Page last updated at 15:35 GMT, Thursday, 17 January 2008

Breast cancer drug 'breakthrough'

Tamoxifen tablets
Some patients find the anti-cancer drug simply stops working

Scientists believe they have made a breakthrough in a treatment for breast cancer.

Some women using the anti-cancer drug tamoxifen have found it stopped working.

Now researchers at Tenovus Centre for Cancer Research at Cardiff University say they have found a way to halt or even reverse resistance to the drug.

The research centre said the discovery could provide a huge boost to patients fighting the disease.

Scientist have discovered that by inhibiting the activity of a certain chemical in cancer cells, tamoxifen continues to work.

The chemical is a protein known as Src, and researchers have found it is more active in laboratory grown breast cancer cells.

The ability to restore sensitivity to therapy, or to even prevent resistance arising in the first place, could be of huge benefit
Prof Robert Nicholson, Tenovus Research Centre

But as part of research with the medical giant AstraZeneca, the Tenovus centre found it could treat cancer cells with a new drug which halted the Src protein.

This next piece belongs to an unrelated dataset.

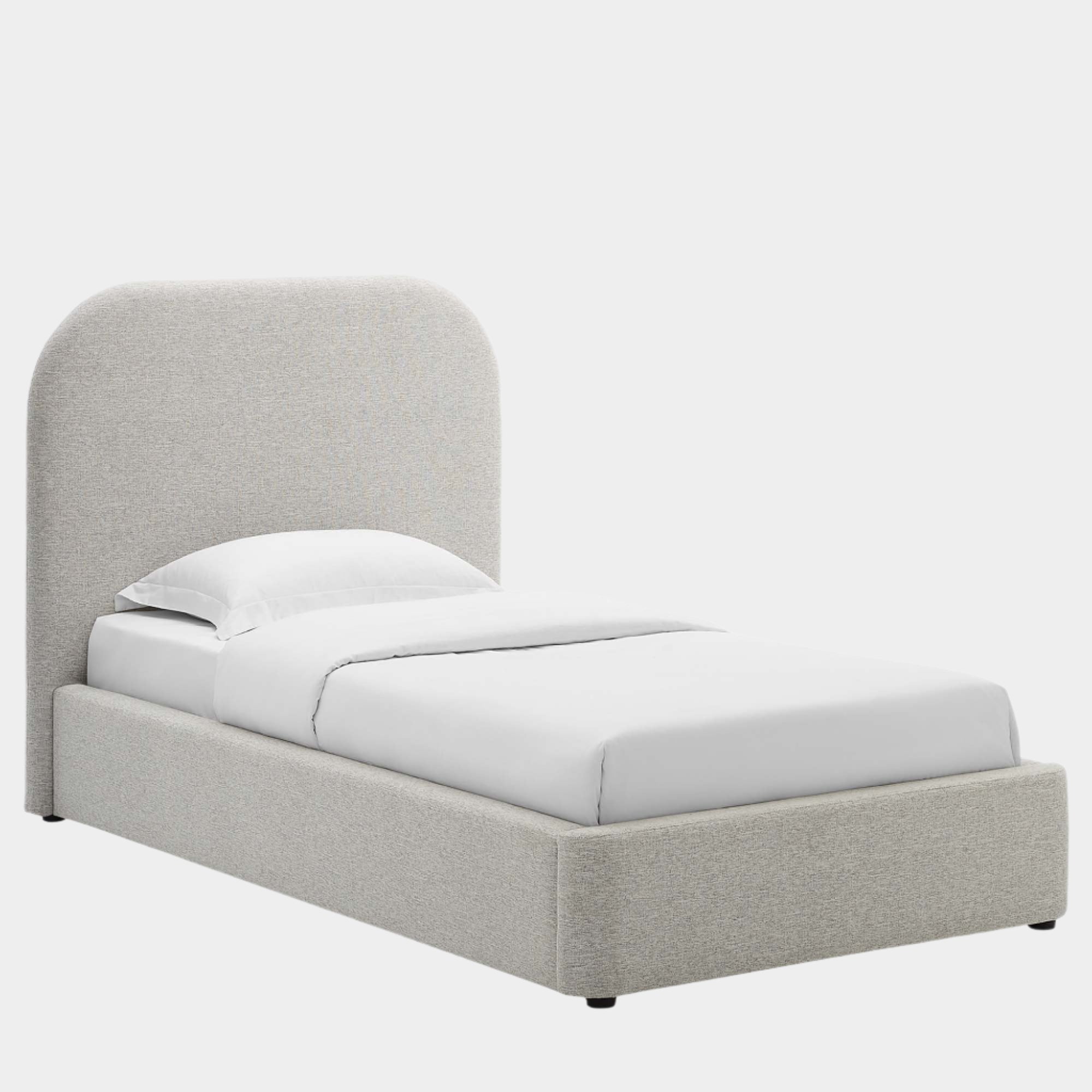 Keynote Upholstered Fabric Curved Platform Bed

The drug, which is now in very early clinical trials, is known for now by its lab name of AZD0530.

Used along with tamoxifen, scientists say that in laboratory trials it appears to prevent and even reverse resistance to the anti-cancer drug.

Huge benefit

Prof Robert Nicholson, director of the Tenovus Centre for Cancer Research, said it was an important milestone in their research.

"Whilst little is known about the mechanisms used by breast cancers to become resistant to common therapies such as Tamoxifen, it remains a significant clinical problem," he explained.

"Therefore the ability to restore sensitivity to therapy, or to even prevent resistance arising in the first place, could be of huge benefit to a large number of breast cancer patients."

Tamoxifen is one of the main drugs used to tackle hormone-sensitive breast cancer, and is usually taken by patients for five years to prevent the disease returning.

It can also be used to treat women at high risk, with studies estimating that the drug can cut the risk of developing hormone-sensitive breast cancer by more than a third.